What the task requires :: Leave the images out, and copy each of the records below exactly.
(Beginning of Listed records)
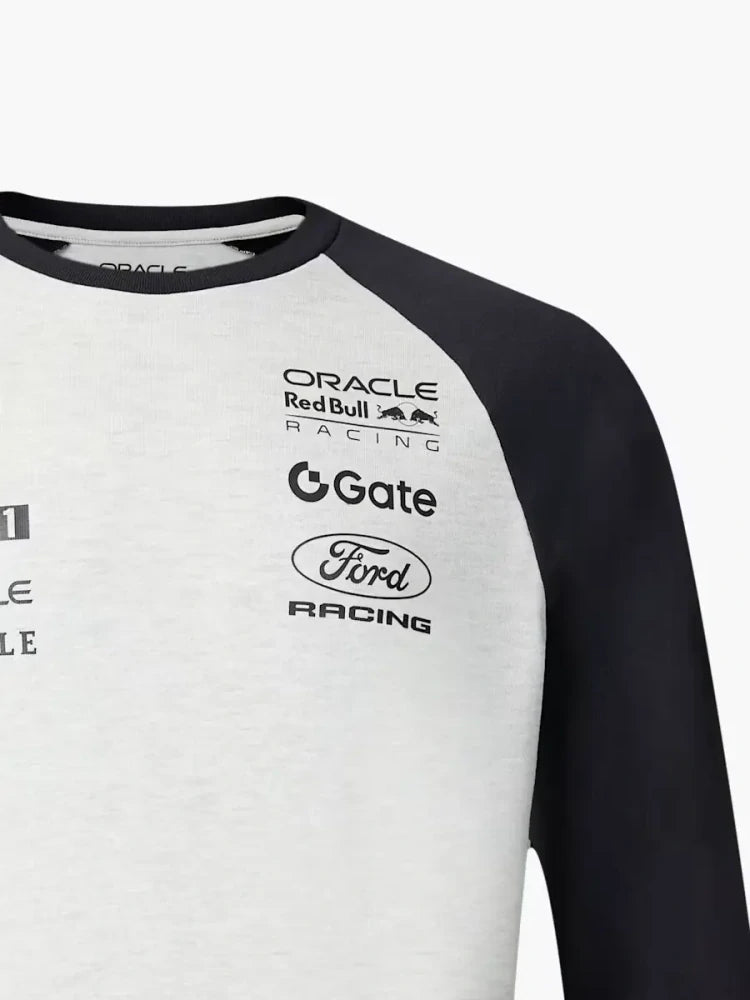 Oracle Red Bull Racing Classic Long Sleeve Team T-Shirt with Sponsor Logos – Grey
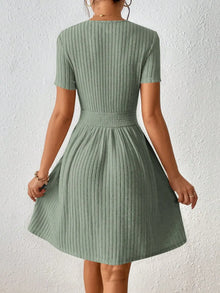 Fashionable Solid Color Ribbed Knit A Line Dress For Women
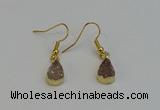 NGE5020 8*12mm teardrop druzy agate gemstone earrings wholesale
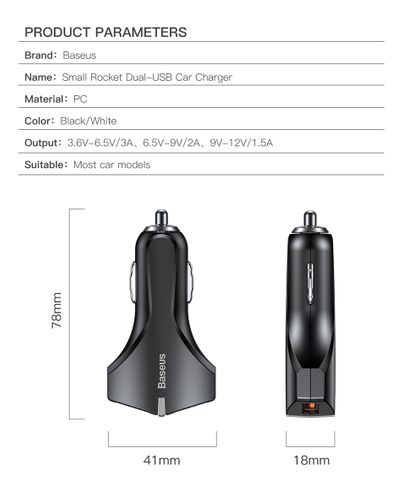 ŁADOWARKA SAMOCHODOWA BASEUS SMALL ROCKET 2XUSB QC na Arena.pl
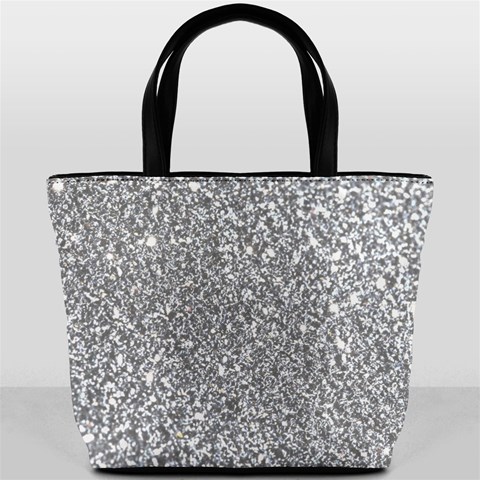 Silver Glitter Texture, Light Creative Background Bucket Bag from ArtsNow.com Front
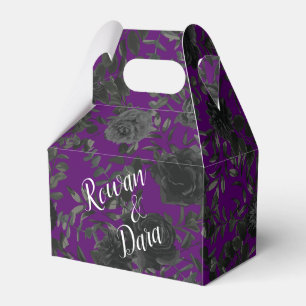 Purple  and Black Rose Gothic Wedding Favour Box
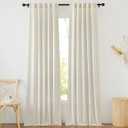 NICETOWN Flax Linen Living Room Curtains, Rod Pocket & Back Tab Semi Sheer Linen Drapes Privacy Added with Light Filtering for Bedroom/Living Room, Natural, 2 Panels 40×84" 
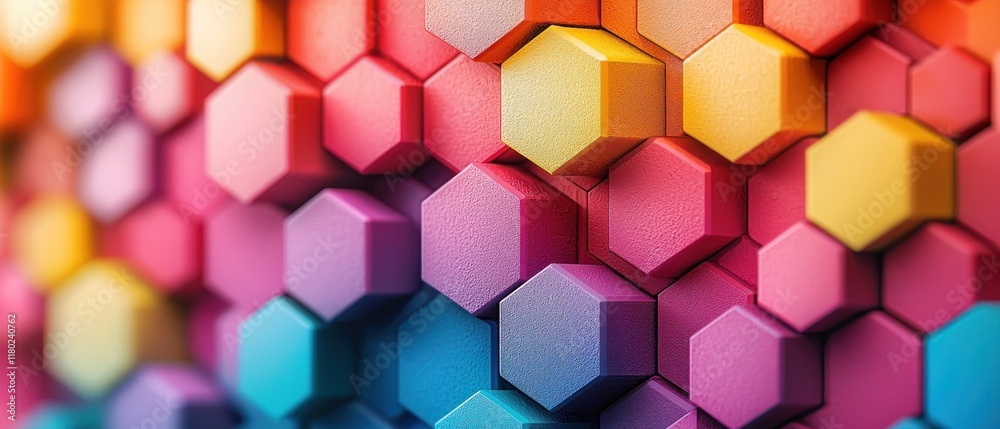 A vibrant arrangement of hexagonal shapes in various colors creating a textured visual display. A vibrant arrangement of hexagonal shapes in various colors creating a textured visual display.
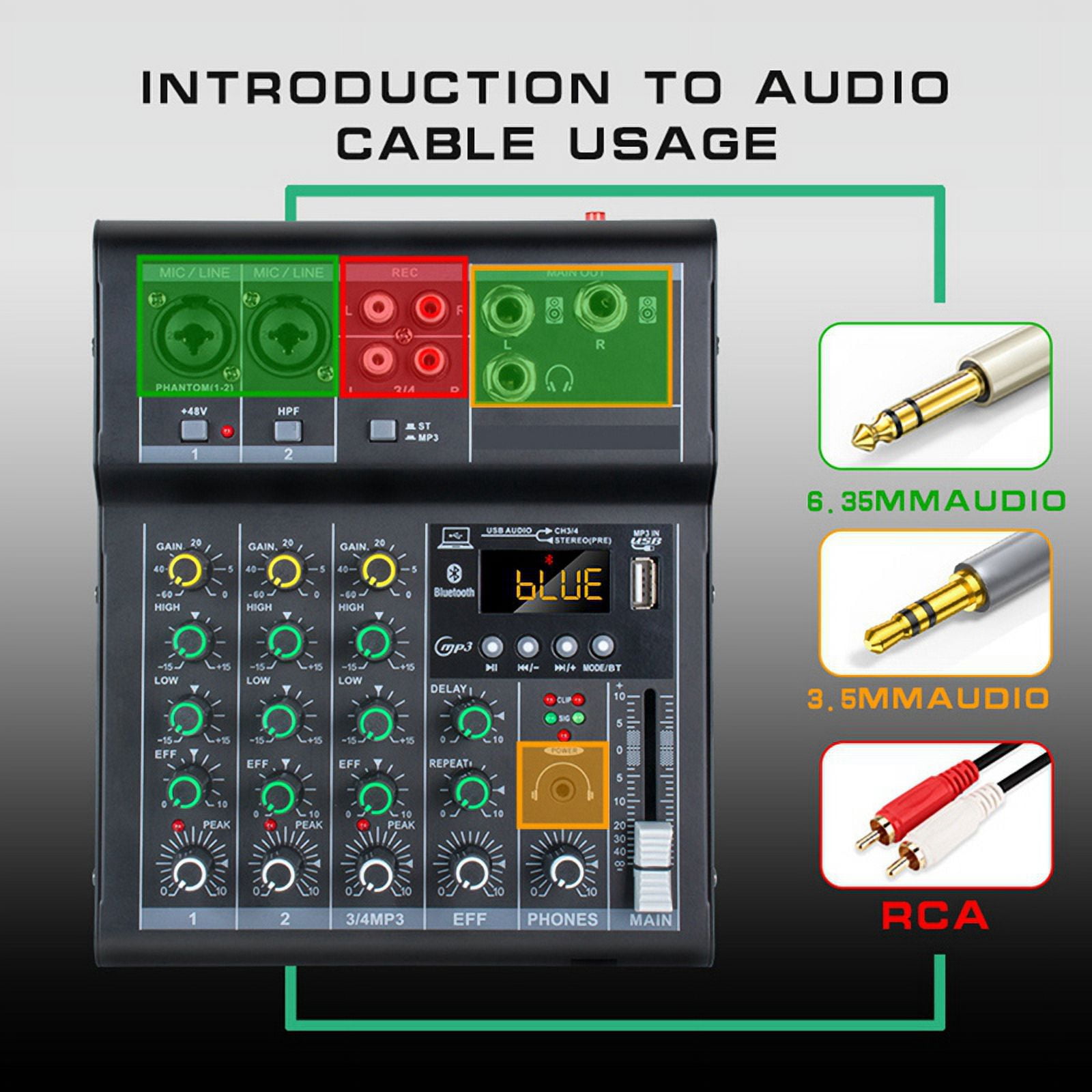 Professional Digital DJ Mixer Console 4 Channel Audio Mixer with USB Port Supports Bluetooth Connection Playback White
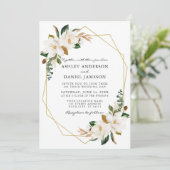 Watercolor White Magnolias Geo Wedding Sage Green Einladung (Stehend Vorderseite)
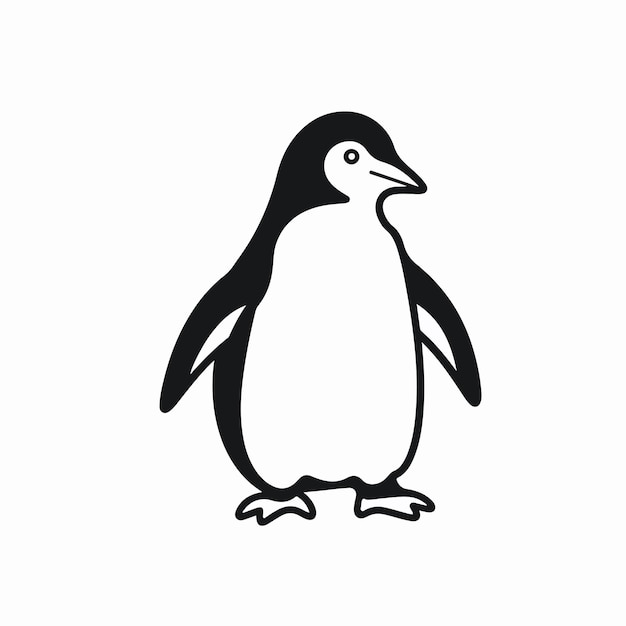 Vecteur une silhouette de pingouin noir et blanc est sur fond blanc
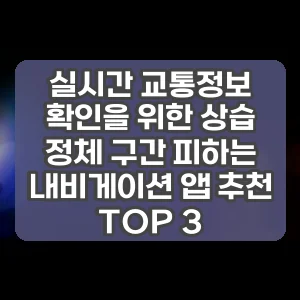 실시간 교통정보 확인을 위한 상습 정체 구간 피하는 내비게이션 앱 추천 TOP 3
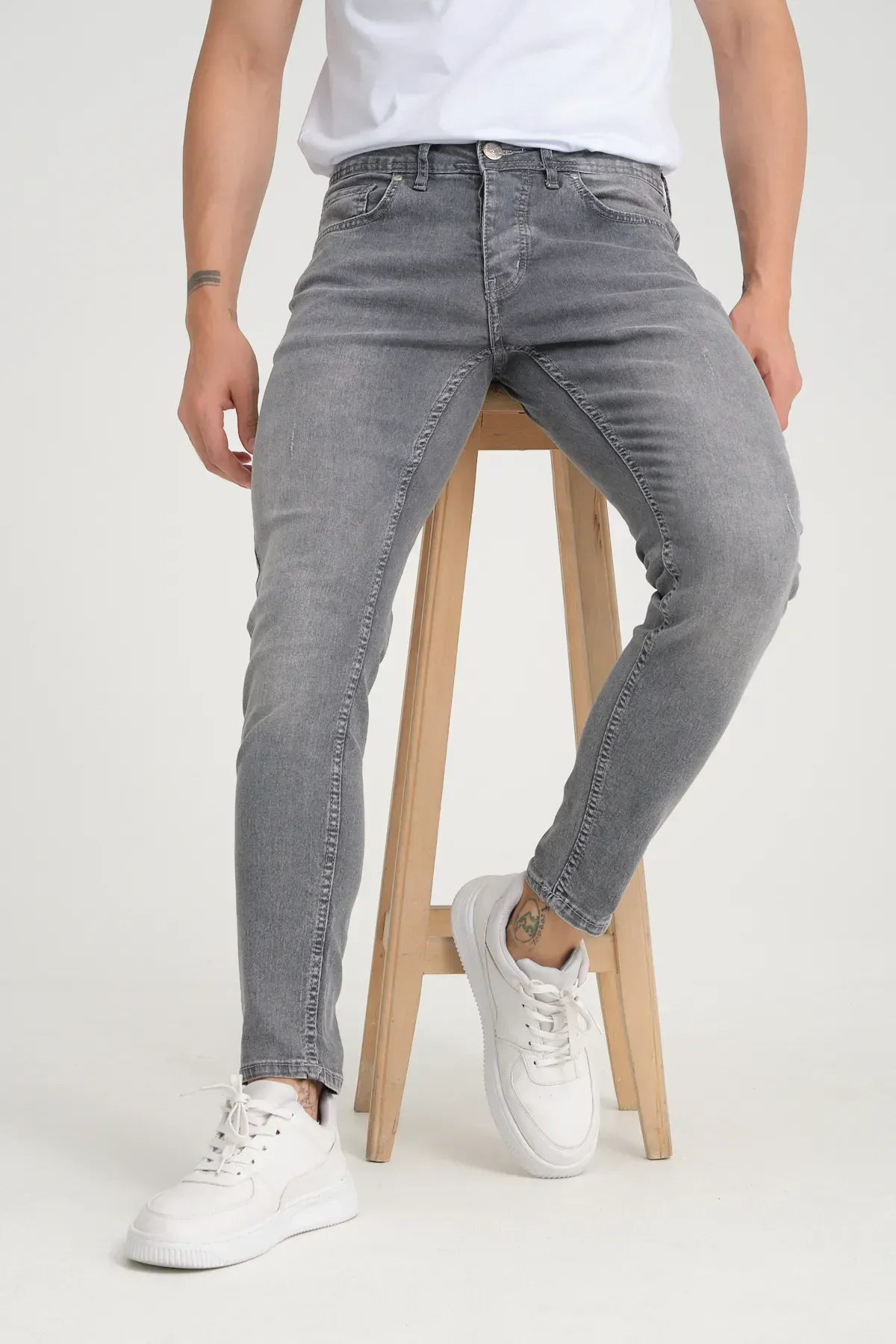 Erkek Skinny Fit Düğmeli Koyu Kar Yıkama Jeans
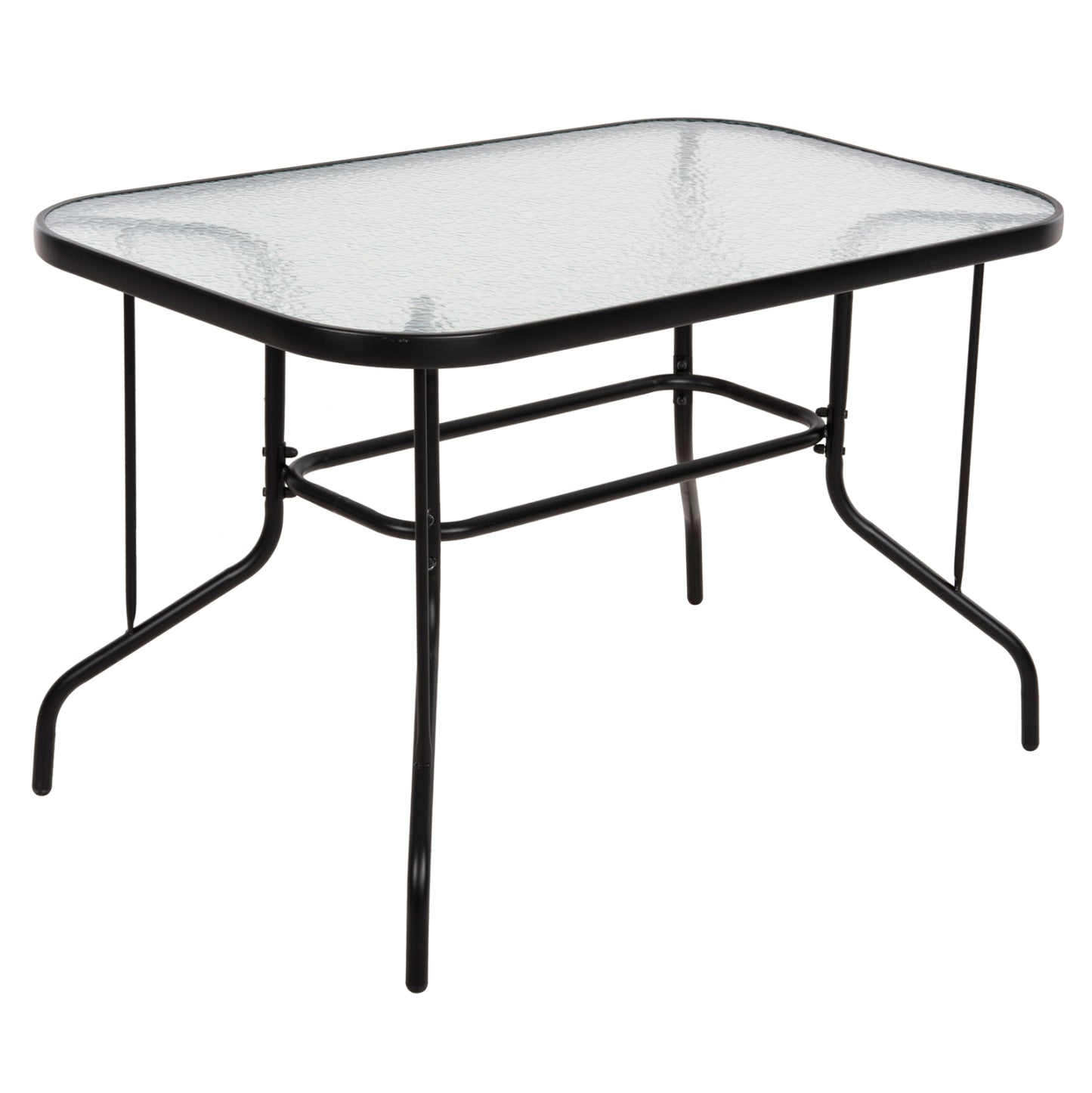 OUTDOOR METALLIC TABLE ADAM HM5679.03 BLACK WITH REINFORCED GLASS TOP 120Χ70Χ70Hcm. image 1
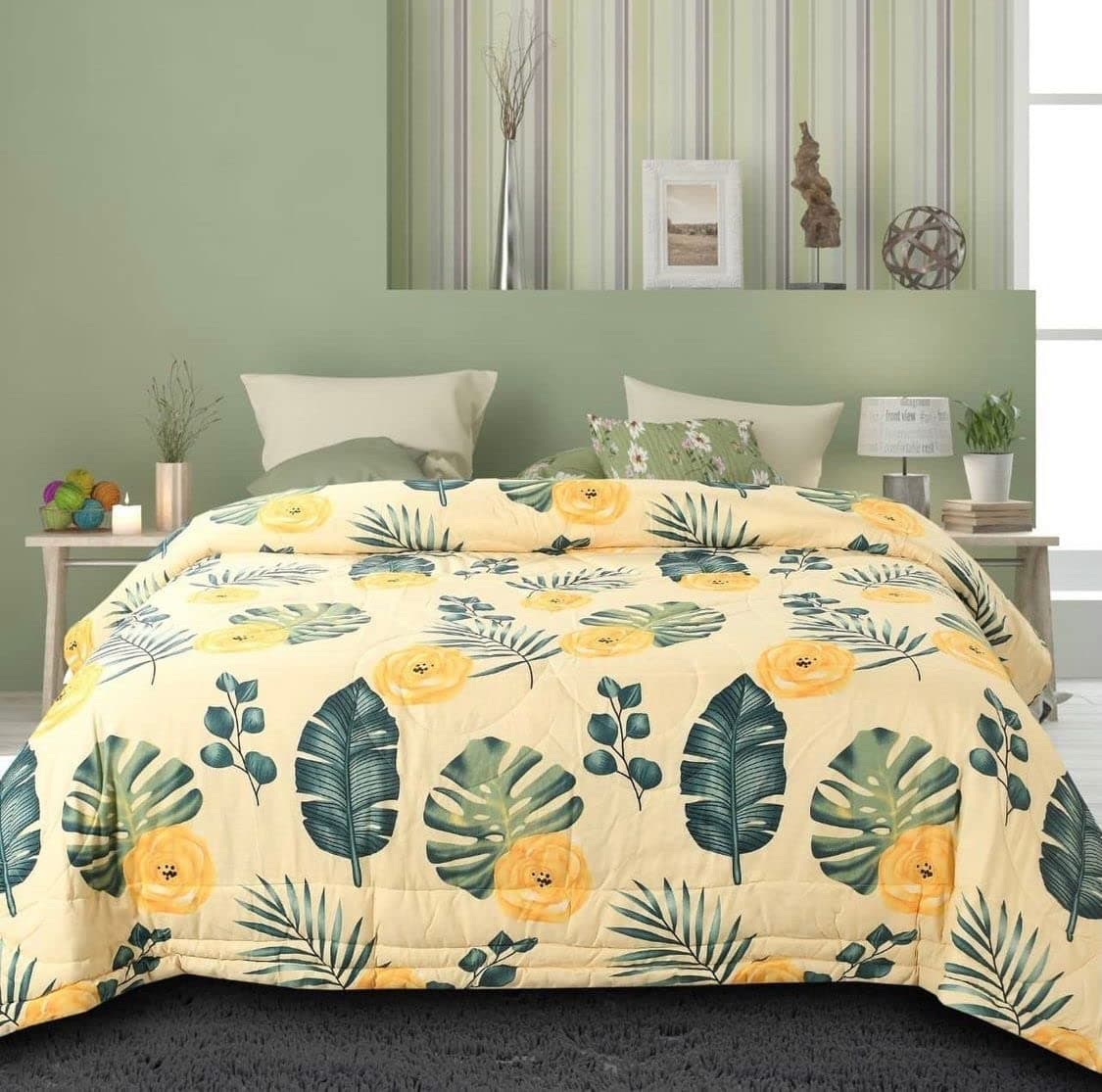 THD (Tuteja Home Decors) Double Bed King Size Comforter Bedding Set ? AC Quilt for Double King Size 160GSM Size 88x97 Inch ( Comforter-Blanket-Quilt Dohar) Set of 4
(End of Listed records)
Exercise output ::
 Oracle Red Bull Racing Classic Long Sleeve Team T-Shirt with Sponsor Logos – Grey
 Fashionable Solid Color Ribbed Knit A Line Dress For Women
 NGE5020 8*12mm teardrop druzy agate gemstone earrings wholesale
 ŁADOWARKA SAMOCHODOWA BASEUS SMALL ROCKET 2XUSB QC na Arena.pl
 Silver Glitter Texture, Light Creative Background Bucket Bag from ArtsNow.com Front
 Purple  and Black Rose Gothic Wedding Favour Box
 NICETOWN Flax Linen Living Room Curtains, Rod Pocket & Back Tab Semi Sheer Linen Drapes Privacy Added with Light Filtering for Bedroom/Living Room, Natural, 2 Panels 40×84" 
 A vibrant arrangement of hexagonal shapes in various colors creating a textured visual display. A vibrant arrangement of hexagonal shapes in various colors creating a textured visual display.
 Professional Digital DJ Mixer Console 4 Channel Audio Mixer with USB Port Supports Bluetooth Connection Playback White
 Watercolor White Magnolias Geo Wedding Sage Green Einladung (Stehend Vorderseite)
 Vecteur une silhouette de pingouin noir et blanc est sur fond blanc
 실시간 교통정보 확인을 위한 상습 정체 구간 피하는 내비게이션 앱 추천 TOP 3
 Erkek Skinny Fit Düğmeli Koyu Kar Yıkama Jeans
 OUTDOOR METALLIC TABLE ADAM HM5679.03 BLACK WITH REINFORCED GLASS TOP 120Χ70Χ70Hcm. image 1
 THD (Tuteja Home Decors) Double Bed King Size Comforter Bedding Set ? AC Quilt for Double King Size 160GSM Size 88x97 Inch ( Comforter-Blanket-Quilt Dohar) Set of 4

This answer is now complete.